Inside the Netanyahu corruption probe & why he could be indicted
Israeli police have recommended that Prime Minister Benjamin Netanyahu be indicted over allegations of bribery, fraud and breach of trust, though it’s not the first time the embattled PM has faced scrutiny.
Netanyahu was quick to distance himself from the allegations, dismissing his own police force’s claims on Tuesday as being “like Swiss cheese,” saying that the truth would eventually surface and he’d be exonerated. RT takes a look back the scandals surrounding the under-fire PM, and other allegations leveled against his wife and son.
Netanyahu and his wife Sara are alleged to have accepted gifts, worth hundreds of thousands of dollars, from wealthy businessmen - Hollywood producer Arnon Milchan and Australian billionaire James Packer. The Netanyahu’s supposed loot is said to have included cigars, jewelry and champagne.
Cops allege that supplies of the illicit goods were systematic and involved the use of code words and couriers. “With the election of Mr. Netanyahu as prime minister in 2009, the scope and frequency of the transfer of goods increased significantly,” police said in a statement.
BACKGROUND: #Netanyahu is mired in 2 separate corruption investigations, one of which accuses him of accepting expensive gifts from businessmen https://t.co/wWCil27yrapic.twitter.com/IRe6N9mTk8— RT (@RT_com) February 13, 2018
Netanyahu is accused of conspiring with Arnon Mozes, the owner of Israel’s largest daily newspaper Yedioth Ahronoth. The PM allegedly tried to strike a deal with Mozes so that the paper, known to be critical of him, would run stories more in his favor, while at the same time bringing forth legislation designed to stifle Yedioth’s competitors.

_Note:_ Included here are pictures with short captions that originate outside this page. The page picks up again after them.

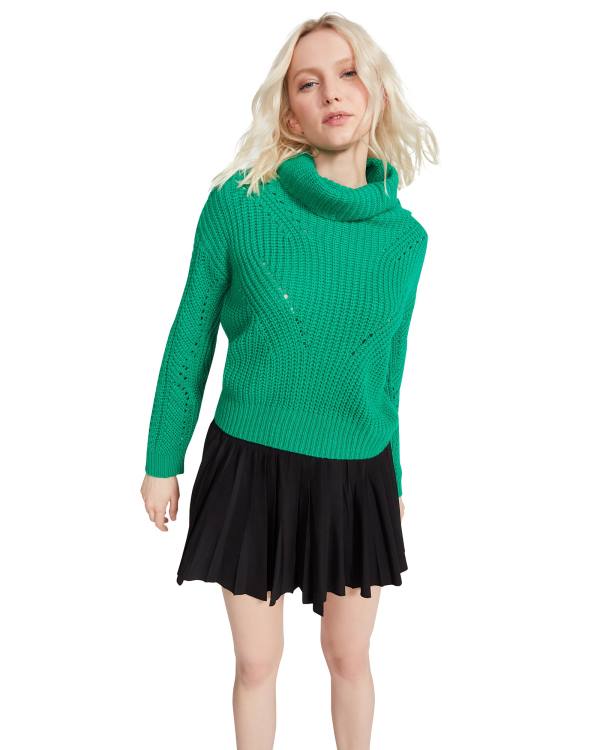 Steve Madden Cross Back Turtleneck Sweater Women's Tops Green | SM-280QC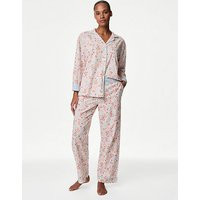 M&S Collection Cool Comfort™ Pure Cotton Floral Pyjama Bottoms - 16LNG - Pink Mix, Pink Mix | Marks & Spencer IE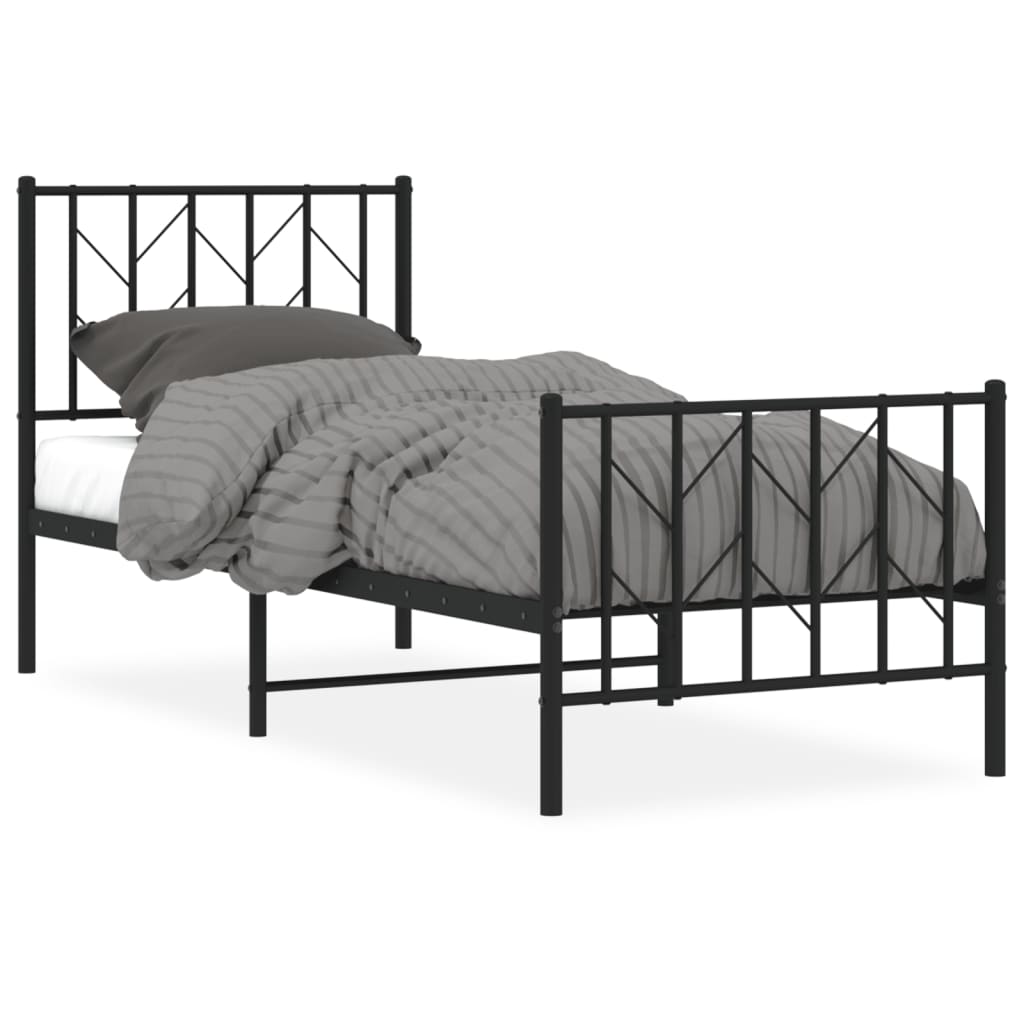 Cadre de lit métal sans matelas avec pied de lit noir 75x190 cm - XIOS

Despite the existence of taped recordings between the pair, Netanyahu claims he was only testing Mozes and never planned to strike any deal.
Also known as the ‘submarine affair’, case 3000 involves alleged corruption in the multi-billion dollar sale of ships and submarines to Israel by German shipbuilder ThyssenKrupp. Though Netanyahu was not directly implicated, police have accused businessman Michael Ganor of bribing government officials in order to become the deal’s broker.
Netanyahu personal lawyer, David Shimron, acted as Ganor’s representative during the sale negotiations. Furthermore, former Defense Minister Moshe Ya'alon has accused the PM of attempting to facilitate the deal by urging the cancellation of previously issued ministry tenders.
Shlomo Filber, director general of Israel's Communications Ministry, appointed by Netanyahu, is accused of corruption by illicitly allowing national telephone company Bezeq to buy shares in satellite cable provider - YES.
Filber, also a former aide to the PM, allegedly provided Bezeq with confidential documents and other information that served its interests. Furthermore a special report by the state comptroller revealed that Netanyahu did not reveal his close friendship with Shaul Elovitch, the controlling shareholder in Bezeq.
Keep it in the family
It’s not just the PM who is accused of corruption though. Netanyahu’s wife, Sara, has been accused of misusing public funds at the couple's official residences. In 2017, she stood trial for using government money to pay for private housekeeping needs.
Furthermore, his 26-year-old son, Yair, is being sued by a left-wing Israeli think tank. Yair also found himself in hot water last month after recordings of him bragging about “awesome deals” his father allegedly made for his pal’s gas mogul dad.
After publication of the recordings, thousands took to the streets of the capital Tel Aviv to protest corruption.